Saved from: http://www.thefrontierpost.com/News.aspx?ncat=le&nid=21&ad=08-04-200
Dated: Wednesday, April 08, 2009, Rabi-us-Sani 11, 1430 A.H.

Pakistan’s Chief Justice Assails Attorney General Over Taliban Flogging

ISLAMABAD, Pakistan — The newly restored chief justice of Pakistan displayed his reputation as a human rights advocate and a prod to the government on Monday, when he hauled the attorney general and other officials before the Supreme Court and rebuked them over the flogging of a 17-year-old woman in the Taliban-controlled area of Swat.

The chief justice, Iftikhar Muhammad Chaudhry, assailed the officials for laziness and self-importance, and challenged them for not taking up the case until it became a national scandal in recent days, when a video showing the woman pinned to the ground and repeatedly whipped by a Taliban commander was broadcast on Pakistani television.

“Before the video became public, what were you doing, why couldn’t you find out what had happened?” Mr. Chaudhry asked the attorney general, Sardar Latif Khosa.

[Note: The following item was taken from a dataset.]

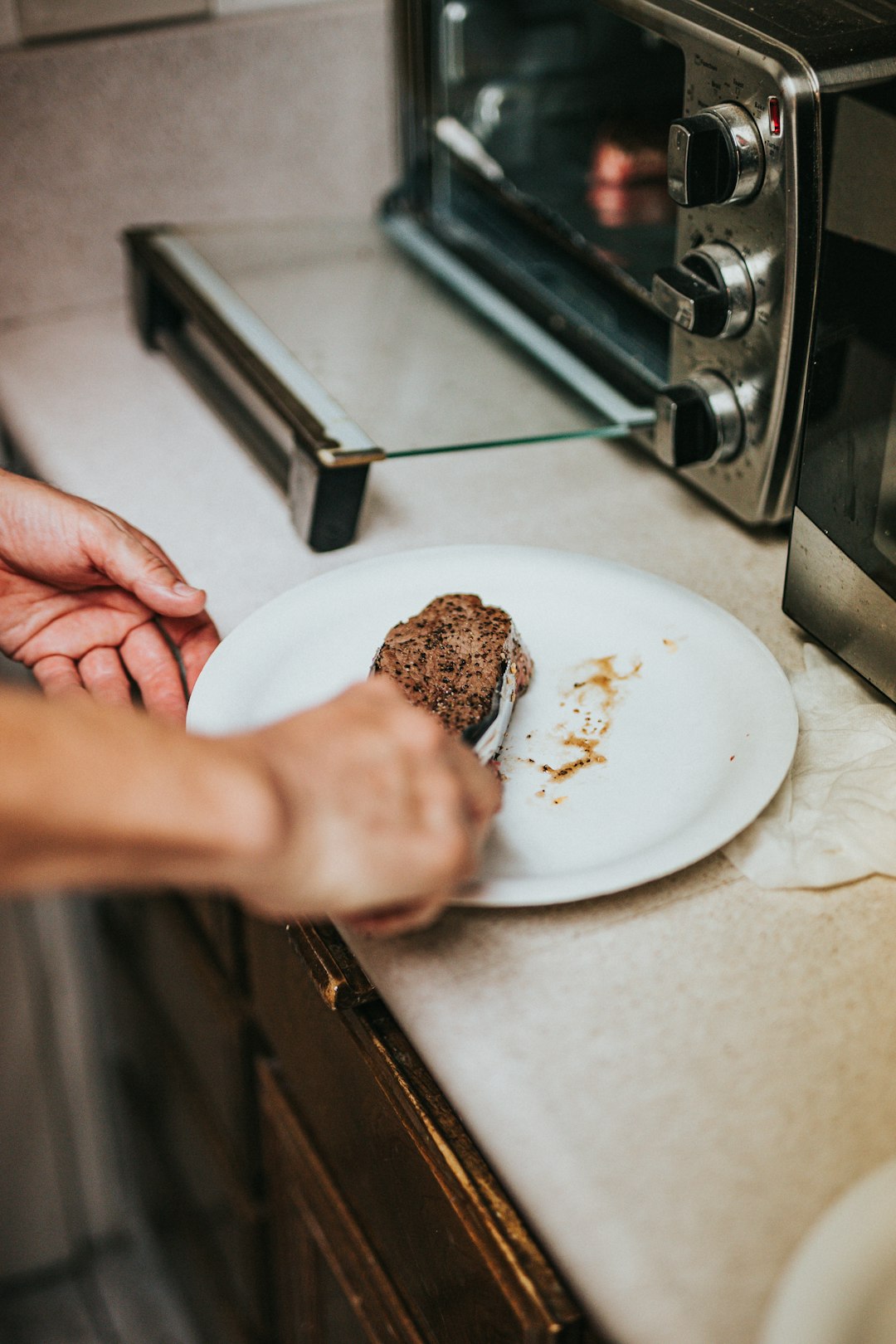 7. Skipping the Meat Rest (image credits: unsplash)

By choosing to highlight the terror in Swat, Mr. Chaudhry, who has been back on the bench about two weeks after two years of enforced limbo, immediately returned to his role of shaming an acquiescent government and military into acting in the face of wrongdoing.

Last week, Mr. Chaudhry and his seven fellow judges demanded that the officials bring the woman, known as Chand, before the court as part of an investigation into what had happened.

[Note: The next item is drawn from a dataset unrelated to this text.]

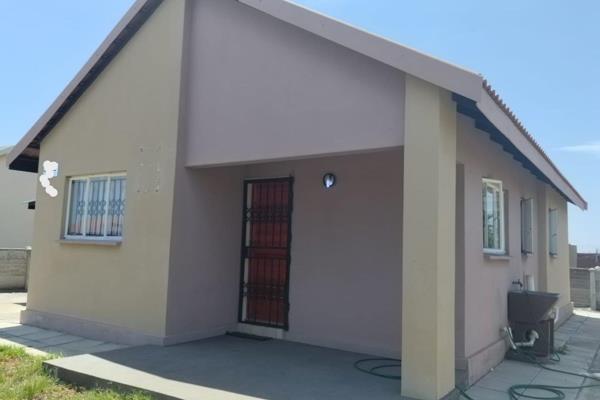 3 Bedrooms, 
Toilet and bathroom, 
Kitchen and lounge, 
Single carport, 
Secure complex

When the officials failed to produce her Monday, the hearing turned into a critical public airing of the government’s decision to enter a peace deal in February that effectively gave the Taliban control over Swat, just 100 miles from the capital, Islamabad.

The attorney general, Mr. Khosa, aware that the situation was embarrassing for the government, asked at the outset that the hearing be held behind closed doors, a request Mr. Chaudhry batted away.

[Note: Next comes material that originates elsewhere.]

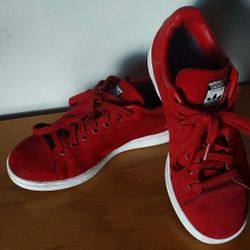 Women's  Shoes ADIDAS  .pickup Only.  Size 7.5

From the volley of exchanges between the judges and the officials, and an impassioned account by a prominent lawyer before the court of the terror in Swat, it became clear that the Taliban ran the area with impunity.

Chand was singled out for the punishment after she declined a Taliban fighter’s proposal for marriage, the head of the Peshawar Bar Association, Abdul Latif Afridi, said after the hearing.

After her refusal to marry, an electrician visited the family home, and, according to Mr. Afridi’s account, the scorned Taliban suitor saw her leave the house with the workman. She was flogged on March 7, accused of consorting with the electrician as an unmarried woman, the lawyer said.

Since the video was first shown on Pakistani television stations last Thursday, it has set off an emotional national debate.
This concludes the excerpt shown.